Do you know that new amendments to the False Claims Act were enacted on May 20, 2009?
If not, you need to know that the changes include important elements that could affect your practice.
Like the original False Claims Act (FCA), violations are subject to treble damages and mandatory penalties of $5,500 $11,000 per claim.
The revised FCA authorizes over $260 million per year in additional funding to federal agencies to combat fraud involving federal assistance programs for fiscal years 2010 and 2011.
Changes within the amendments include:
- An original clause that stated claims must be paid or approved “by the Government” was modified; the phrase “by the Government” was removed. A claim now includes requests for funds to a contractor, grantee or other recipient, if the money requested “is to be spent or used on the Government’s behalf or to advance a Government program or interest”
- The “Reverse False Claims” section of the amended FCA contains key language related to how overpayments are identified and repaid, and the changes could be very challenging for health care entities.
Section 3729(a)(1): Any person who---(G) knowingly makes, uses, or causes to be made or used, a false record or statement material to an obligation to pay or transmit money or property to the Government, or knowingly conceals or knowingly and improperly avoids or decreases an obligation to pay or transmit money or property to the Government, is liable to the United States government for a civil penalty of not less than $[5,500] and not more than $[11,000]...plus three times the amount of damages...
“Obligation” means an established duty, whether or not fixed, arising from an express or implied contractual, grantor-grantee, or licensor-licensee relationship, from a fee-based or similar relationship, from statute or regulation, or from the retention of any overpayment...”
Liability under Section 3729(a)(1)(G) does not require a claim, a false statement or act of any kind, a quantified overpayment, any minimum threshold amount of overpayment, or an unreasonable delay in the return of an overpayment.
Thus, if a practice does not have an appropriate program for identifying and refunding overpayments, it could be liable under the amended FCA.
- Overpayments have a “double whammy” impact. First, overpayment violations can be applied to items that otherwise meet a false claims definition (i.e. reporting a service that was not performed) and those that were not otherwise considered a false claim (i.e. the carrier paid you incorrectly and you didn’t identify it and return the money).
- The amendment expands protection against retaliation to include “contractors and agents.” (This was previously limited to employment arrangements)

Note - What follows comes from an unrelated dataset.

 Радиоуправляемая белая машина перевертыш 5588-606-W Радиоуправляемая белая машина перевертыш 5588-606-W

- As a result, billing or coding services or other contractors could potentially be protected if they bring forward a complaint.

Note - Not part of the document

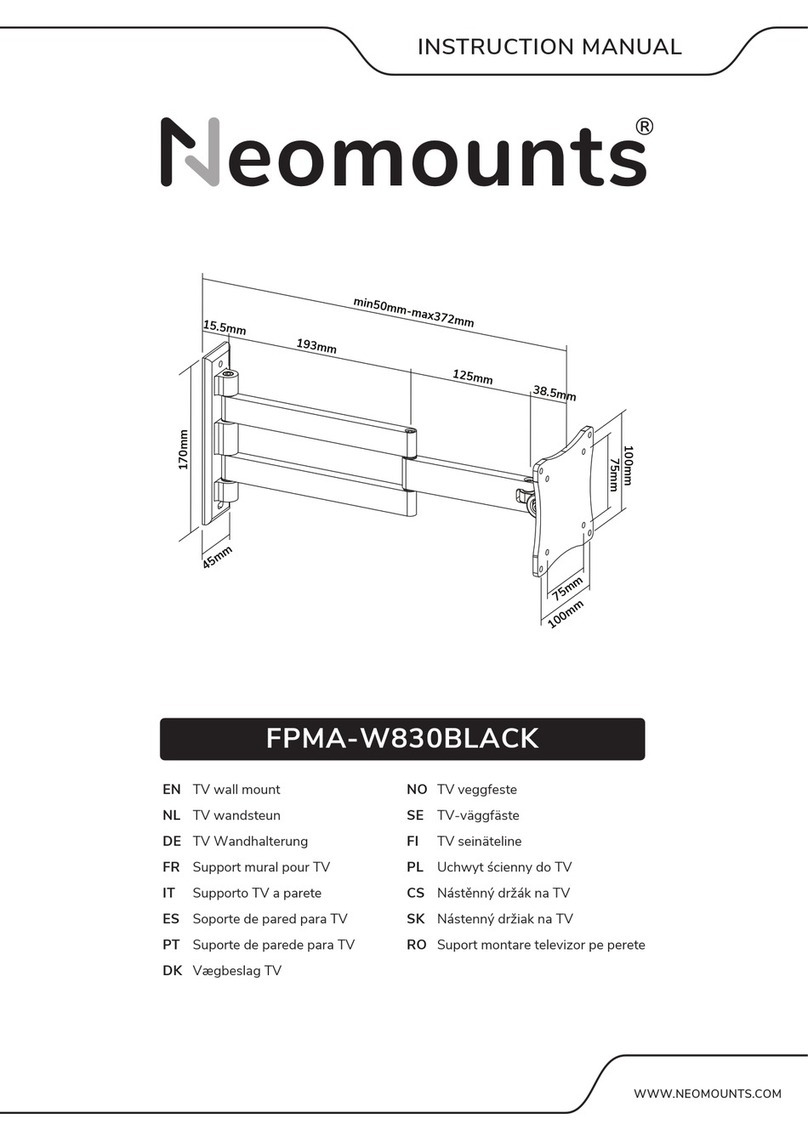 NeoMounts FPMA-W830BLACK instruction manual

- Although the amendments were enacted on May 20, 2009, they apply retroactively to any overpayments that existed at the time of amendment.
Thus, if a group has an overpayment on the books that they received prior to May 20, 2009 but have been “sitting on”, that could be considered a violation.
Feeling nervous yet?
Health care attorney Pat Hofstra advises: “Providers have an obligation to educate themselves with respect to legal and regulatory requirements pertaining to billing and a duty to assure that staff and contracted service providers, such as the provider's billing company, are compliant. Physicians can be held liable for the false claims of their employees and agents. Ignorance of the law or the actions of staff and contracted service providers is not an acceptable excuse. “
Take time now to review your practice’s current policies for overpayment identification and refund management.
- Generate your credit balance report by payor and review the contents.
- If you use a billing service, insist on receiving this report monthly.
- Review your policy on credit balance refunds and establish lines of responsibility. Waiting until the carrier asks for the money back is not good policy, and exposes your practice to risk if the claim relates to a government funded program.
If you find errors or overpayments that have not been processed, a qualified health care attorney can advise you on what actions are appropriate for your practice.